Wie Christophe Boesch herausgefunden hat, ist die mütterliche Fürsorge aber nicht immer gleichmäßig verteilt. So kümmern sich bei den Taï-Schimpansen hochrangige Weibchen länger um ihre Söhne als um ihre Töchter: Ist das Baby ein Sohn, so ist der Abstand bis zur nächsten Geburt im Vergleich zu niederrangigen Weibchen zwei Jahre länger. Dieser Unterschied hat möglicherweise einen evolutionsbiologischen Hintergrund: Demnach sollte ein Weibchen mehr in dasjenige Geschlecht investieren, das mehr Enkel verspricht. So kann es die eigenen Gene am effizientesten an nachfolgende Generationen weitergeben. Indem sich die Mutter intensiv um ihre Söhne kümmert, erhöht sie deren Überlebenswahrscheinlichkeit. Später unterstützt sie ihre Söhne dabei, ebenfalls hohe Positionen in der Gruppe zu erreichen. Eine hohe Position bedeutet mehr Nachkommen – und damit mehr Enkel für die Mutter.

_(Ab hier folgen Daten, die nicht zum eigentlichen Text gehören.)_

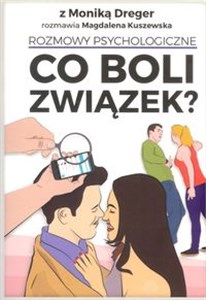 Co boli związek? Rozmowy psychologiczne  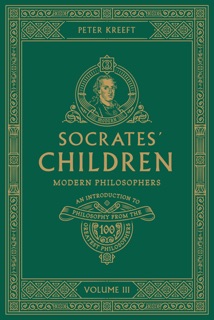 Socrates’ Children by Peter Kreeft & Peter Voth
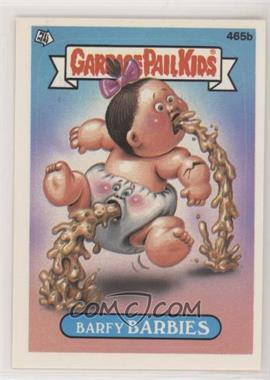 1988 Topps Garbage Pail Kids Series 12 - [Base] #465b - Barfy Barbies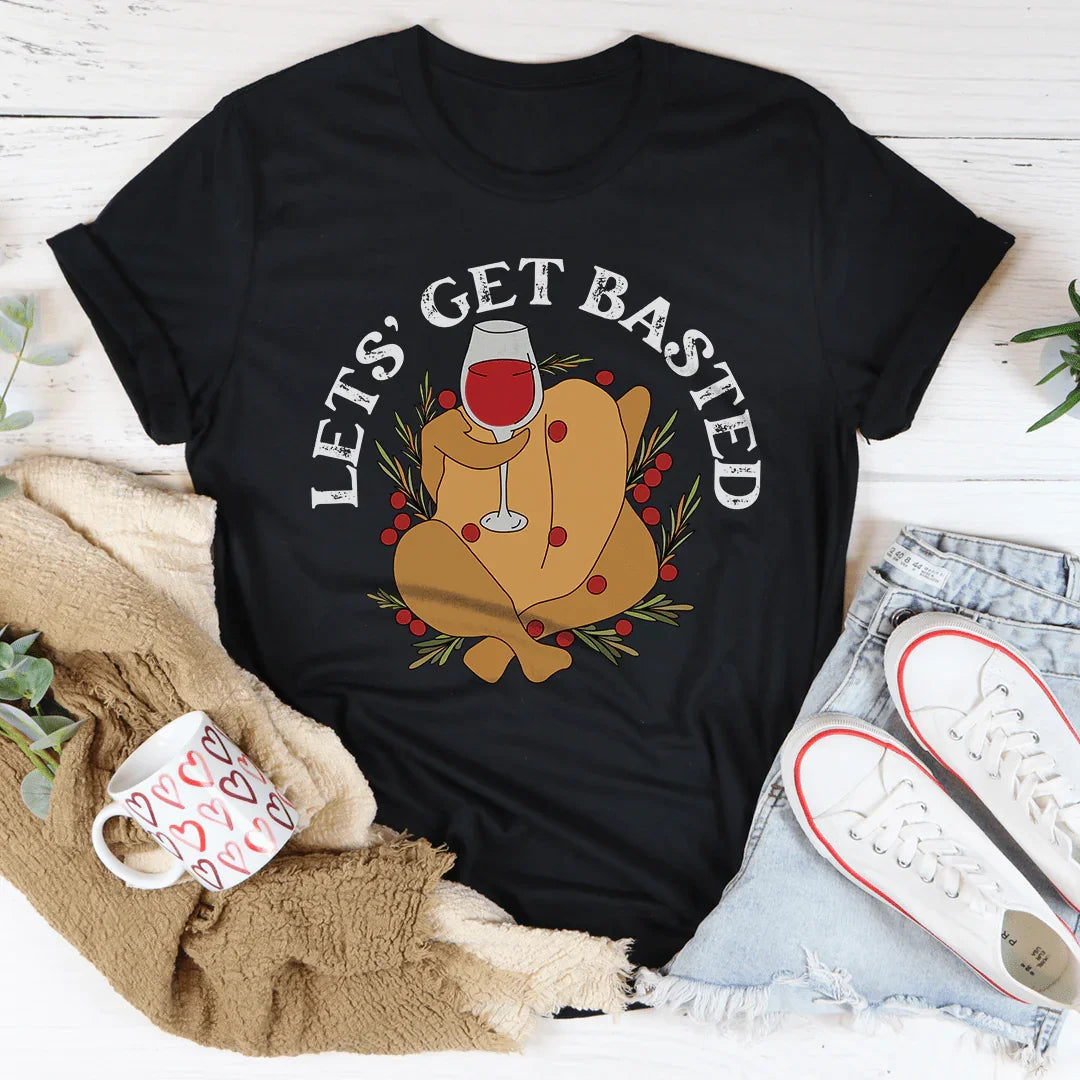 Camiseta Let's Get Basted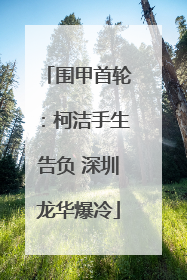 围甲首轮：柯洁手生告负 深圳龙华爆冷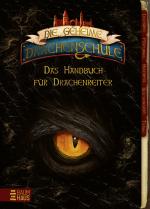 Cover-Bild Die geheime Drachenschule - Das Handbuch für Drachenreiter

In anderen Regionen hat Christophe Boesch dieses Phänomen nicht beobachtet. Das hängt möglicherweise mit der unterschiedlichen Sozialstruktur zusammen. Während im Taï-Park 88 Prozent der Weibchen ihre Geburtsgruppe verlassen, sobald sie erwachsen werden, sind es etwa im Gombe Nationalpark in Tansania nur 13 Prozent. Mutter und Tochter bleiben also mit höherer Wahrscheinlichkeit für immer zusammen – ein Anreiz, sich intensiv um Töchter zu kümmern, weil sie später zu wichtigen Kooperationspartnern werden.